The issue of how to develop reusable software in scientific computing is addressed. With object-oriented analysis and design, an extendable set of collaborating objects - a framework named COMPOSE - is suggested in the area of "PDE solvers", i.e., programs that numerically solve partial differential equations (PDEs).
Objects have several advantages. First, they represent abstractions from the problem domain, here the field of scientific computing. Second, with careful object-oriented analysis and design, these objects can be reused in different contexts. Third, the resulting programs are very flexible, and it is possible to change the mathematical problem or the numerical method, by only replacing a few objects. Fourth, new kinds of objects can be created via the object-oriented concept of inheritance. This is useful, e.g., when the numerical simulation of a new kind of PDE is addressed.
COMPOSE handles finite differences on three-dimensional overlapping grids, a variety of time stepping methods, and several types of PDEs, including hyperbolic, parabolic, and elliptic PDEs. In particular, COMPOSE offers a flexible coupling of PDEs, which increases reusability and encourages development of components separately.
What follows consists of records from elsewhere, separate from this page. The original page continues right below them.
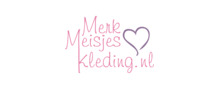Merkmeisjeskleding.nl merklogo voor beoordelingen van online winkelen voor Kinderen & baby producten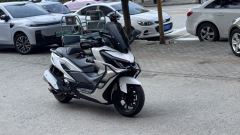 SYM Cruisym 400 - ფოტო 1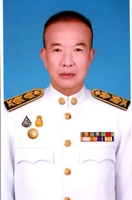 นายชัยอนันต์ สิริเบญสานนท์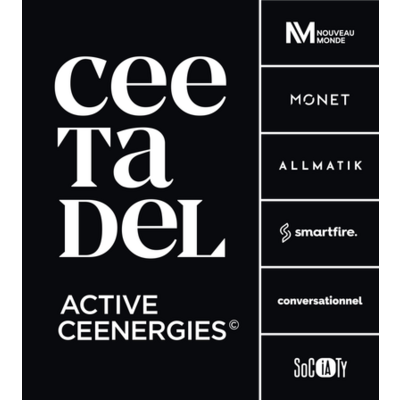 CEETADEL logo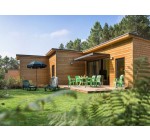 Center Parcs: 3 séjours Center Parcs pour 4 personnes, en cottage Premium de 4 nuits à gagner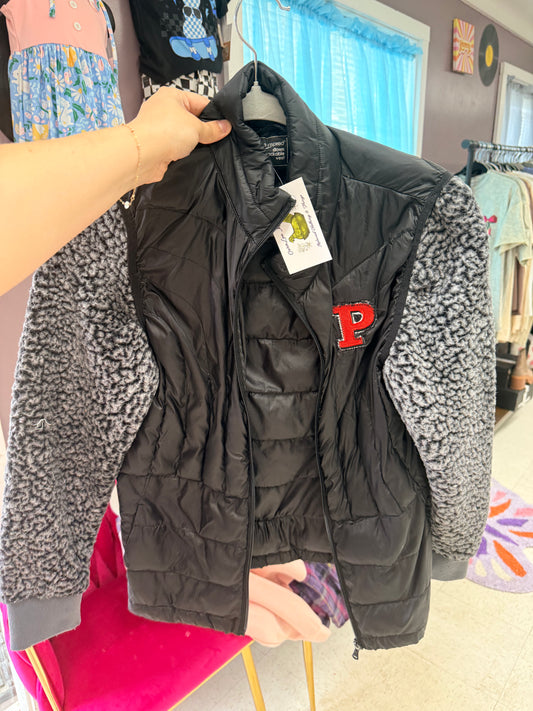 Pisgah Vest Jacket
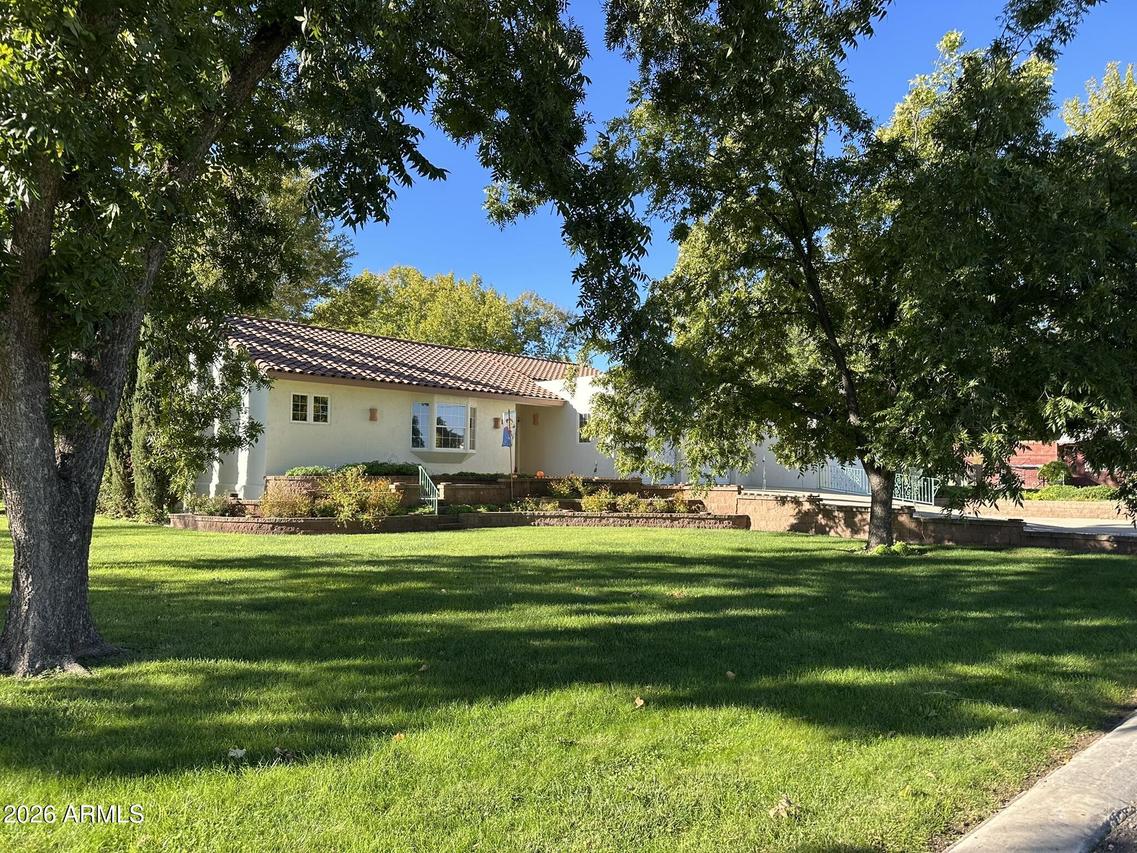 1835 E Kerley Ln., Cottonwood, AZ 86326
To this end, COMPOSE also supports a debugging technique for verification of new numerical components.
As an application of COMPOSE, the incompressible Navier-Stokes equations are solved in a two-dimensional domain. Comparisons with another fluid solver, developed in a more traditional way, show that solvers written with COMPOSE are competitive with respect to performance. In addition, they have a higher degree of flexibility and reusability.